__Problem to work on__
The output must be exactly the lines from the "日本直邮Lauren Ralph Lauren" line through the end of the listing below, with no picture included.

"""

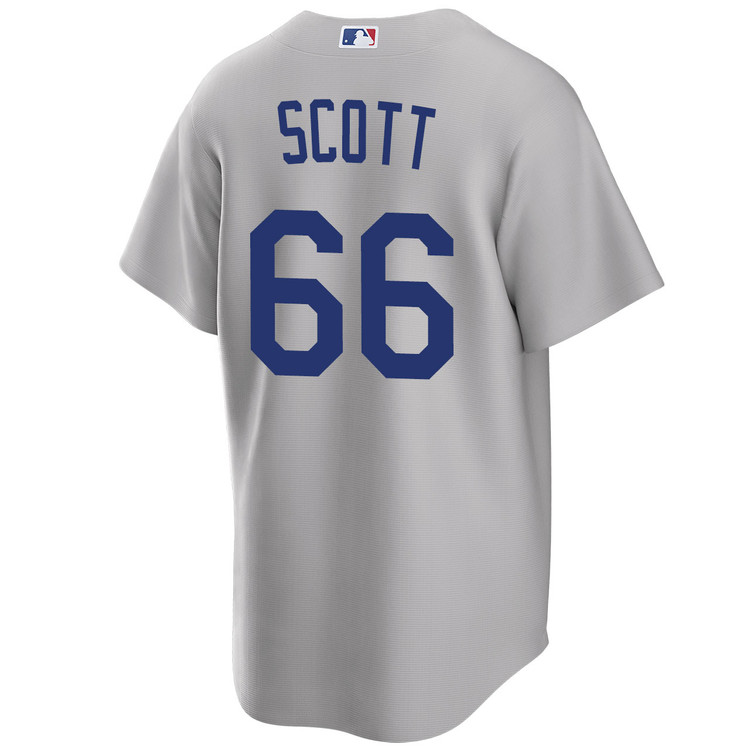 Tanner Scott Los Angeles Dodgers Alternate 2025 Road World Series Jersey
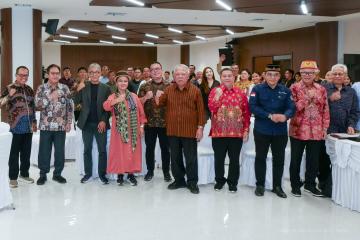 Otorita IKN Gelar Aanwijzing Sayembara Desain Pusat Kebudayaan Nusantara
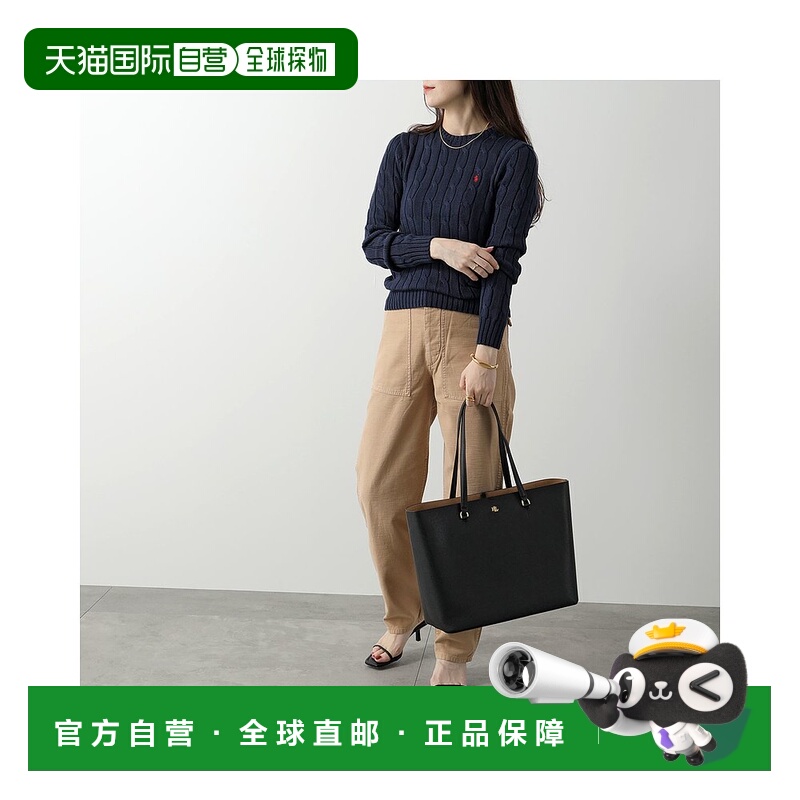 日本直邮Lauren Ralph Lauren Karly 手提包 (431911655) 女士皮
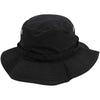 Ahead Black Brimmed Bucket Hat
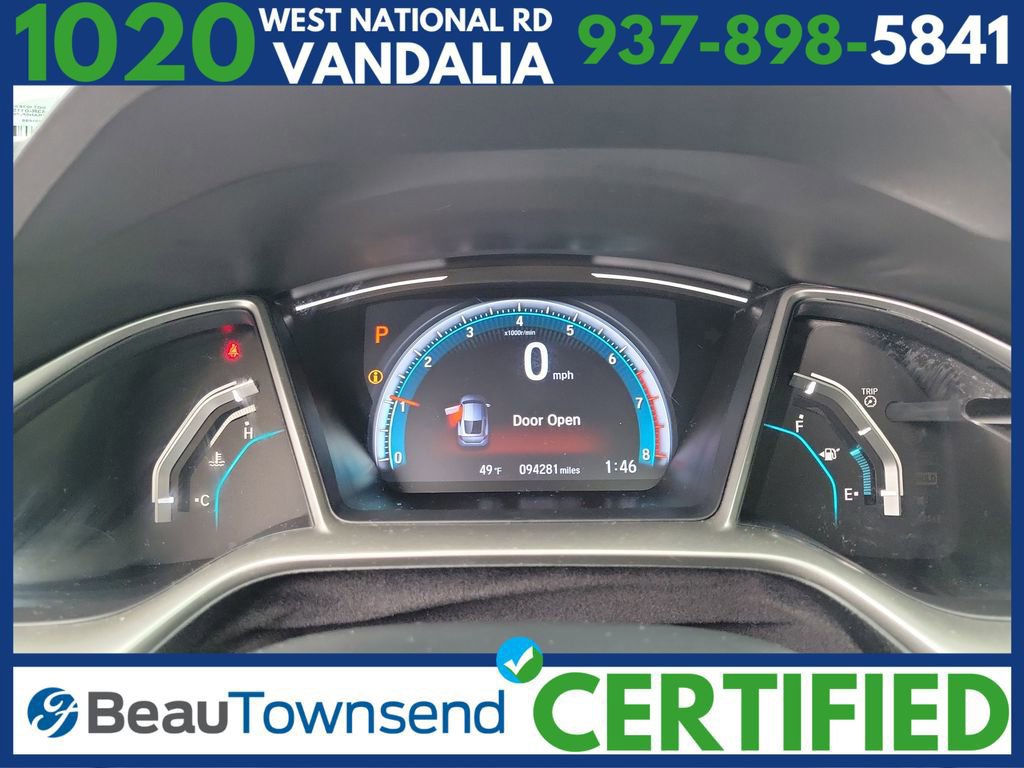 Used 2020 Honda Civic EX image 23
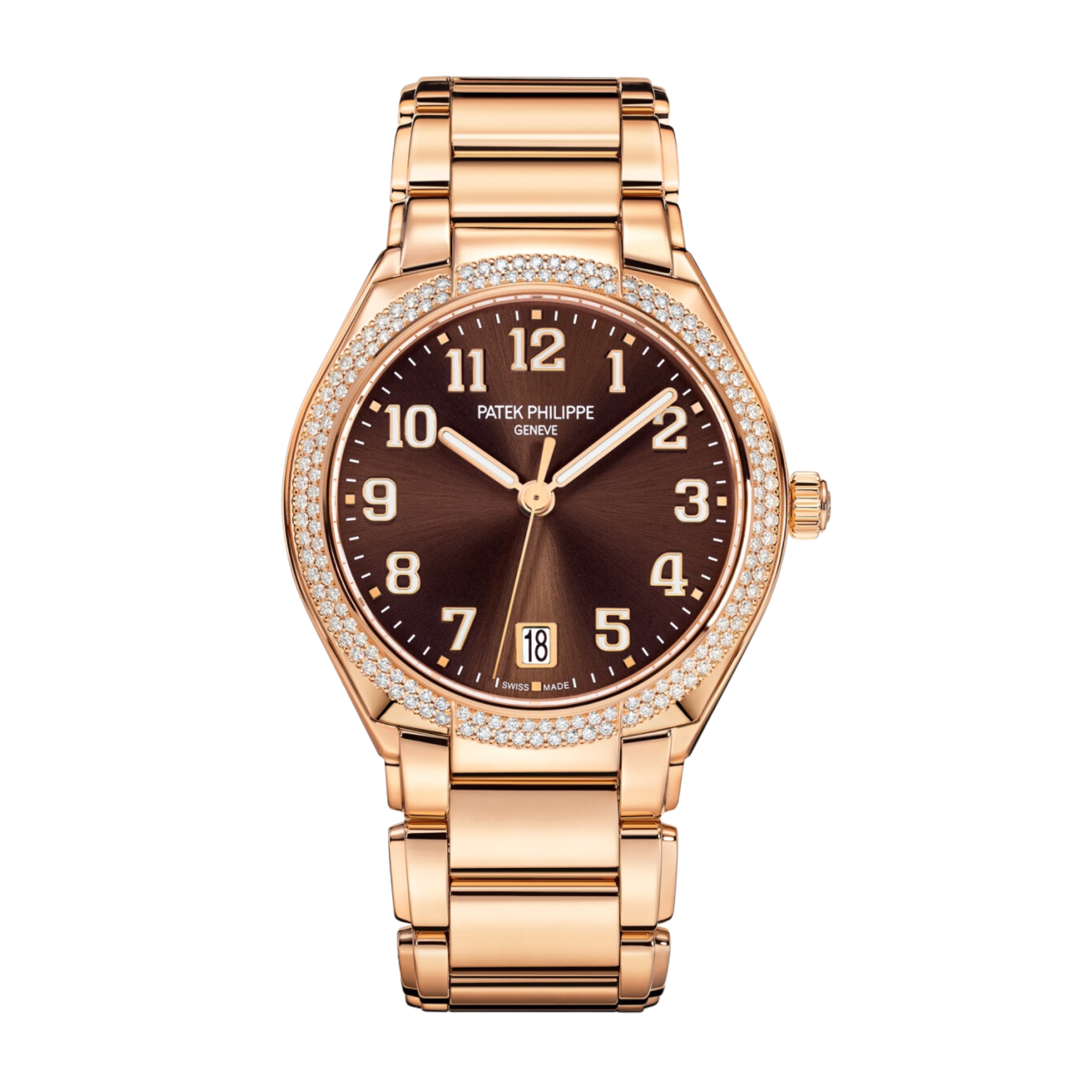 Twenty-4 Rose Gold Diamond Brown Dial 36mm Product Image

"""

__Result__
 日本直邮Lauren Ralph Lauren Karly 手提包 (431911655) 女士皮
 Ahead Black Brimmed Bucket Hat
 Used 2020 Honda Civic EX image 23
 Twenty-4 Rose Gold Diamond Brown Dial 36mm Product Image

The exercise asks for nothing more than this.